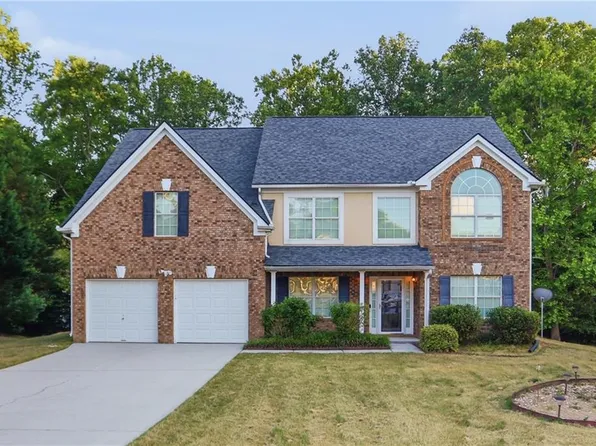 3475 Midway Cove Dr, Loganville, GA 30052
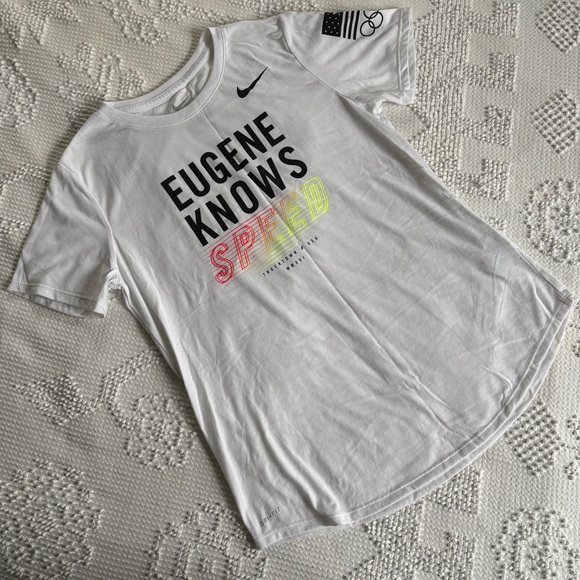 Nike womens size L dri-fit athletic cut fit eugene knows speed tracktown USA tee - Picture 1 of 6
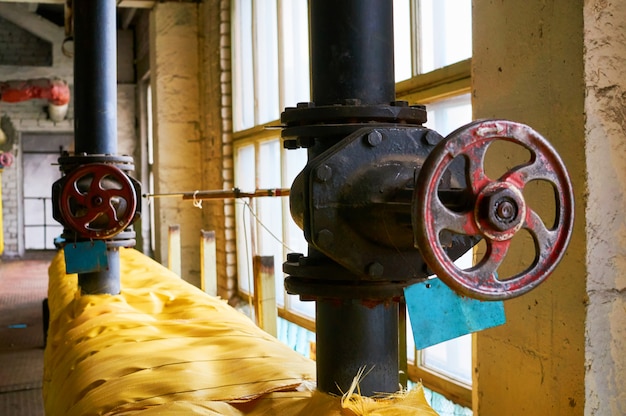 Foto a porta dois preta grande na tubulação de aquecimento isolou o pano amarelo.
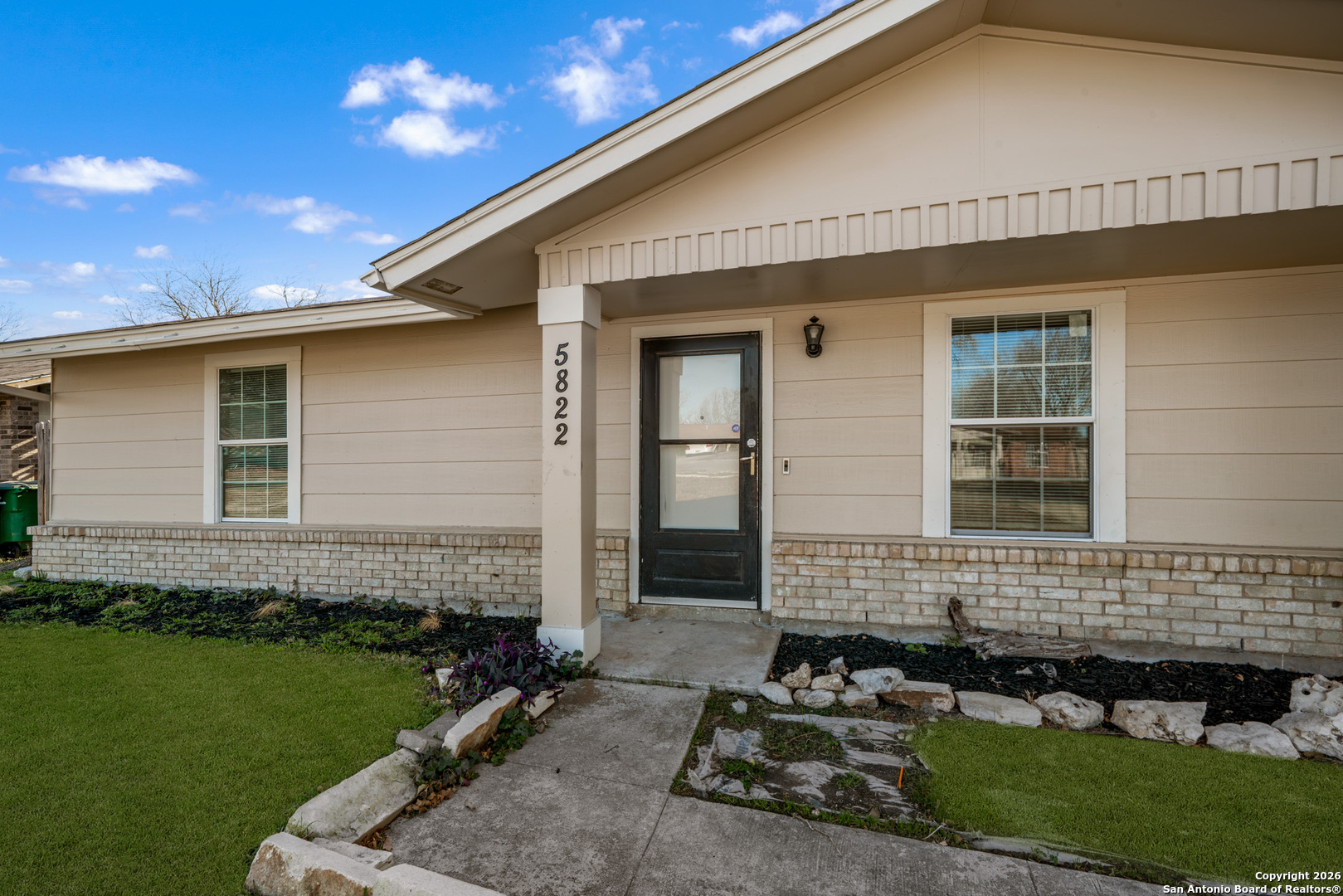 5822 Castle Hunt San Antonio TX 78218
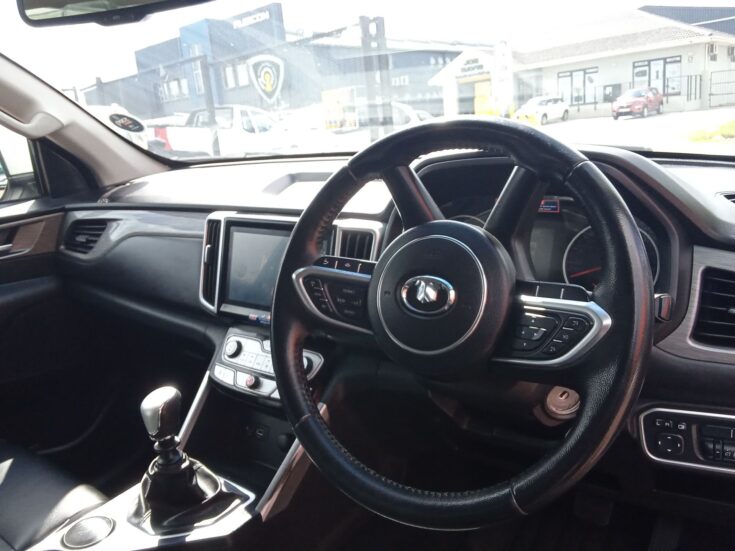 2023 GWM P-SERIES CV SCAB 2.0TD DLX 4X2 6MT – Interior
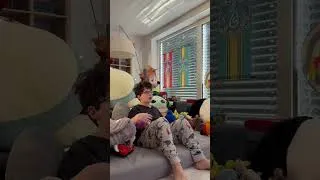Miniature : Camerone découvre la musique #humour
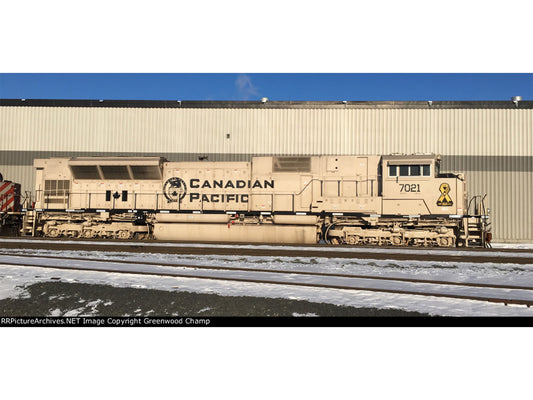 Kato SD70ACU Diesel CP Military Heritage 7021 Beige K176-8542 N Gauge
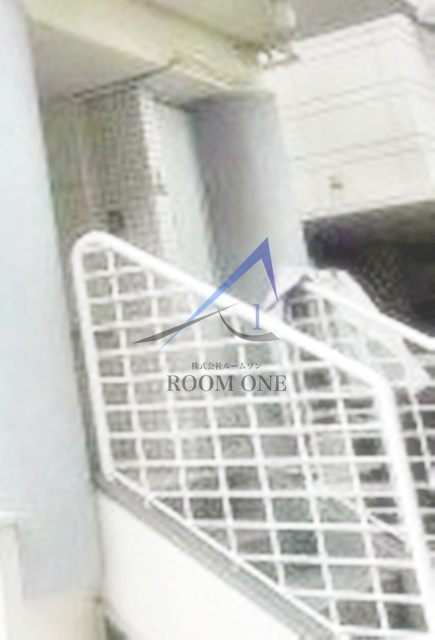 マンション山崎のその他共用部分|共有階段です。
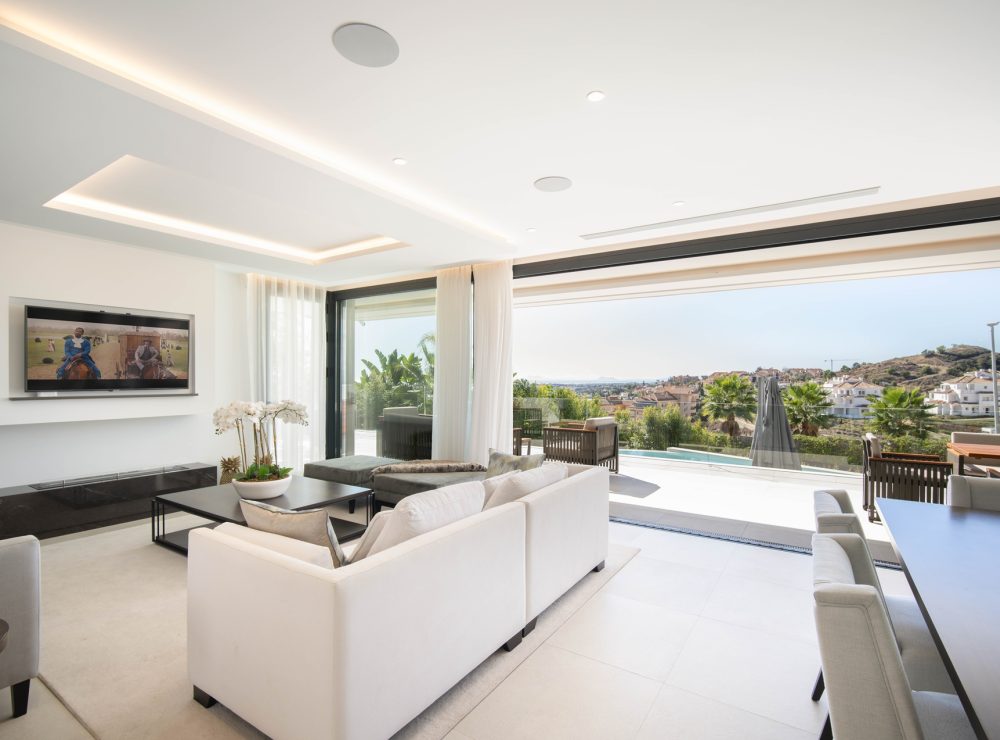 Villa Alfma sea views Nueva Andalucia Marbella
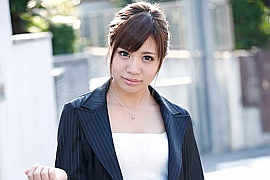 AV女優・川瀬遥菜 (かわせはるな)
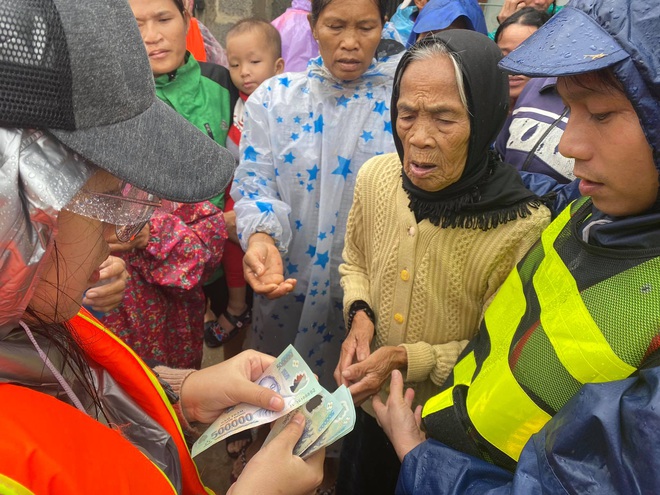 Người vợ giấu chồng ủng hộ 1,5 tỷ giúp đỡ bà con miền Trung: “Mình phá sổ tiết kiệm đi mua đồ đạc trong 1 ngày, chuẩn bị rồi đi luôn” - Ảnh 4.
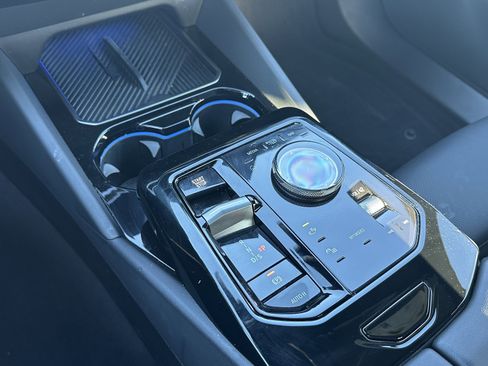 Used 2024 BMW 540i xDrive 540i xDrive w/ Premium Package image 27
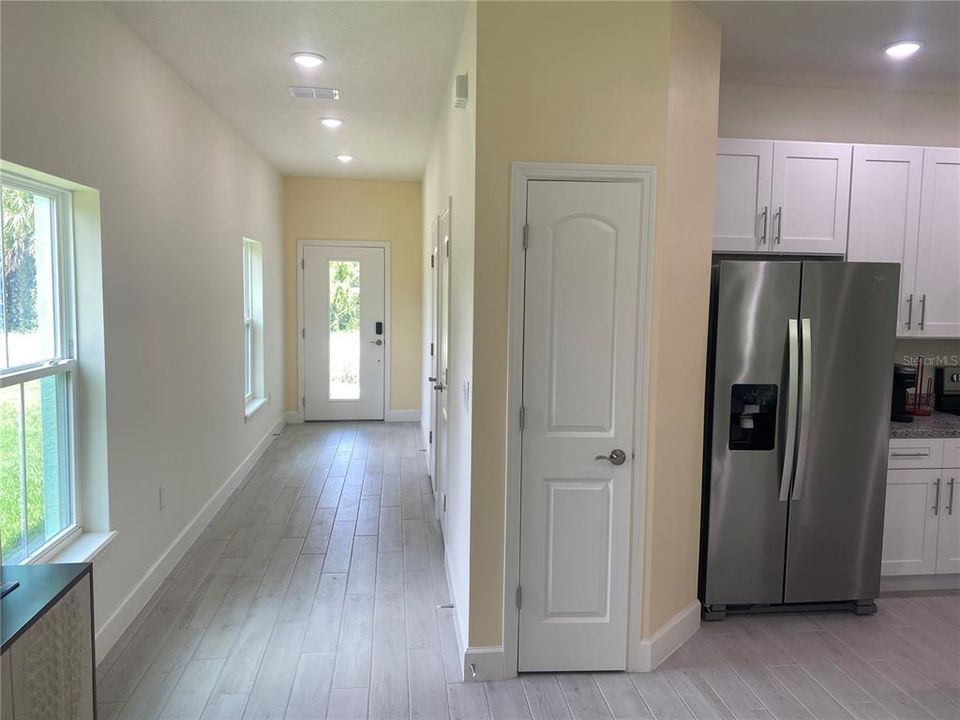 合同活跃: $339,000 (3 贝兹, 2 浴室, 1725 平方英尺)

*-*-*

● **Requirement**
Ignoring the pictures, write out word for word the lines from the line containing "Foto a porta" through the end of the material above.

● **Solved problem**
 Foto a porta dois preta grande na tubulação de aquecimento isolou o pano amarelo.
 5822 Castle Hunt San Antonio TX 78218
 2023 GWM P-SERIES CV SCAB 2.0TD DLX 4X2 6MT – Interior
Miniature : Camerone découvre la musique #humour
 Kato SD70ACU Diesel CP Military Heritage 7021 Beige K176-8542 N Gauge
 マンション山崎のその他共用部分|共有階段です。
 Villa Alfma sea views Nueva Andalucia Marbella
 AV女優・川瀬遥菜 (かわせはるな)
 Người vợ giấu chồng ủng hộ 1,5 tỷ giúp đỡ bà con miền Trung: “Mình phá sổ tiết kiệm đi mua đồ đạc trong 1 ngày, chuẩn bị rồi đi luôn” - Ảnh 4.
 Used 2024 BMW 540i xDrive 540i xDrive w/ Premium Package image 27
 合同活跃: $339,000 (3 贝兹, 2 浴室, 1725 平方英尺)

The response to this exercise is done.